The plot also follows the typical Resident Evil conspiracy driven epic. As previously mentioned, Leon S. Kennedy is back and a lot has happened to our favourite rookie RCPD officer. He was recruited by the US government after he was eventually tracked down after the Raccoon City incident. At the time when Resident Evil 4 is set, Leon has been tasked by the new president of the US to guard his family. However, shortly after his appointment, the president’s daughter Ashley is kidnapped. Leon tracks her down to a remote part of Spain, and he is sent there to rescue Ashley. This, of course, wasn’t to be the usual sort of search and rescue mission. Ashley had been kidnapped by Los Illuminados, a religious cult whose name when translated into English means “The Enlightened Ones”. This group has turned all of the local people into the terrifying zombie-like monsters we have to fight. Leon manages to find Ashley being held in a local church and learns that it is the leader of Los Illuminados, Osmund Saddler’s, plan to use Ashley (who is infected with the same parasite the villagers are) to infect her father, the president of the US. This would allow Saddler to control the leader of the most powerful nation on Earth and begin his plan for global domination. We also get to see two very important people from Resident Evil history, Ada Wong and perhaps the most loved character of the entire series…Albert Wesker. Wesker is now working for a rival company of Umbrella’s and has sent Ada to obtain a sample of the parasite that Los Illuminados use to create the monsters we have to fight.


So, Resident Evil 4 has it all: a great story with fun and well working gameplay mechanics, however, I did state at the beginning of this article that it is not the game itself which qualifies it as the worst instalment in the series. It is the legacy and influence it had on the next two games. Resident Evil 5 again was not a bad game. However, it is NOT a Resident Evil game. Where Resident Evil 4 was predominantly an action game, it did retain a lot of its survival horror lineage. Resident Evil 5 was just an all out action fest, with one of the worst AI controlled characters of all time (a second player can control her, but it’s still not great). As an action game, RE5 is great fun, but there are no heart racing panic moments, no sense of terror, and to be quite honest, it was a bit easy. Resident Evil 6 with its four different campaigns was awful.

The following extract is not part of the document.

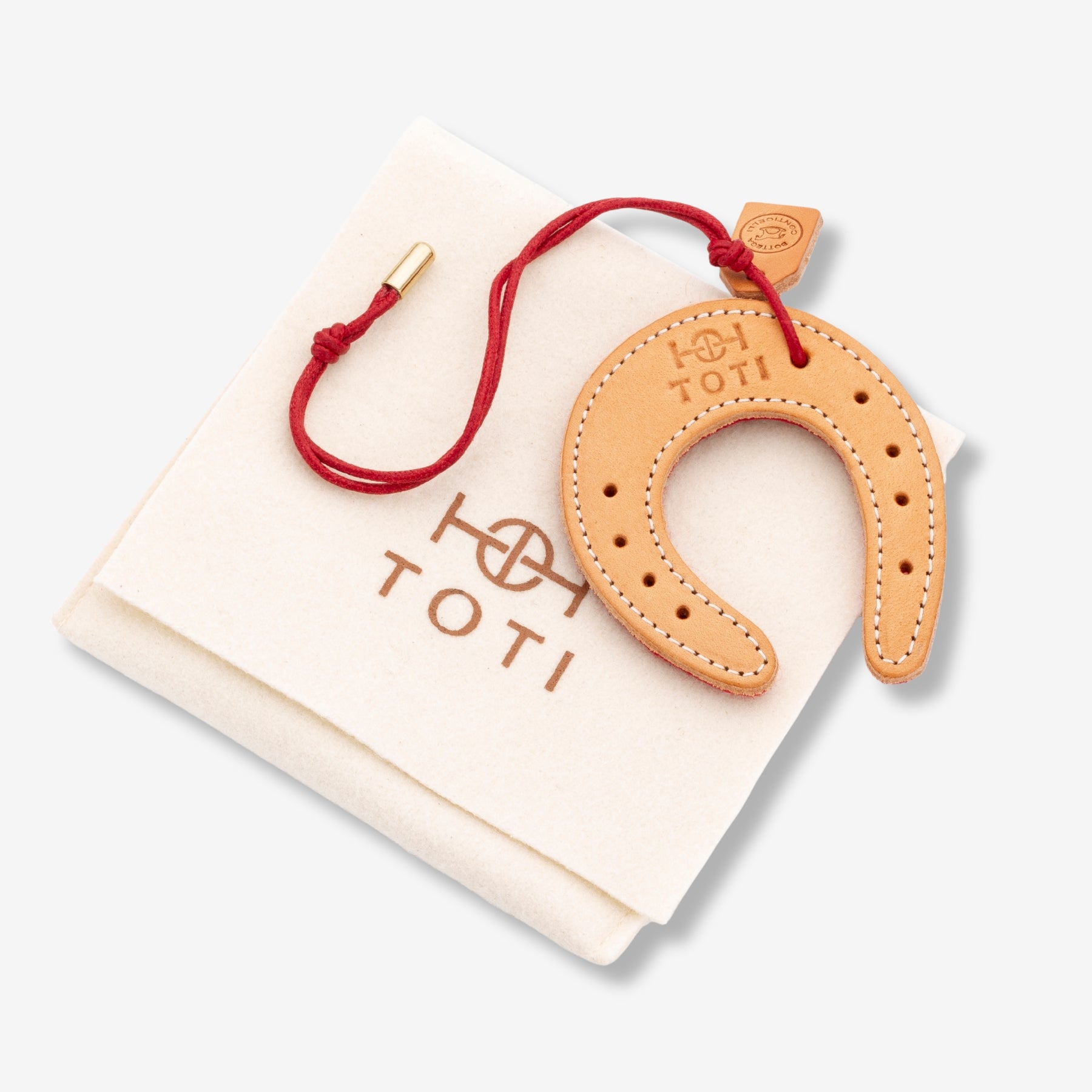 Lucky Charm by TOTI - Strēid. Equestrian-inspired horseshoe charm symbolizing success and confidence.

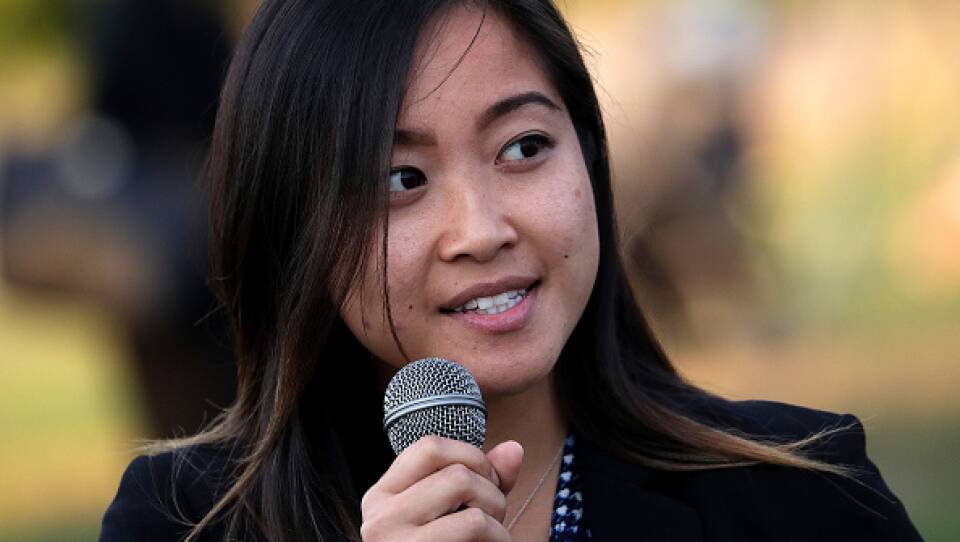 An Asian American woman holds a microphone. She wear a black jacket and looks off to the side.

Leon’s campaign tried to get back to the survival horror roots of the early instalments but didn’t get anywhere close.

I know this is a controversial view, many people will claim that you cannot just keep releasing the same sort of games over and over again without change. This is the case with many franchises though. Halo and Call of Duty have changed very little in the overall scheme of things but still are as popular as ever. Silent Hill, the rival to the Resident Evil series, has made minimal changes over the years, as well. The later games aren’t great, but they have stayed true to the series and the survival horror genre. If we ever get a new Dead Space game, I cannot picture it being anything less than a more epic survival horror. Resident Evil 4 was and still is a great game, but its legacy took the leading name in survival horror and turned it into just another action series. Ask fans of the franchise what they are more excited for, Resident Evil 7 or the remake of Resident Evil 2, and I guarantee it will be the latter. Resident Evil 4 belongs alongside the classic titles, its just its legacy that doesn’t.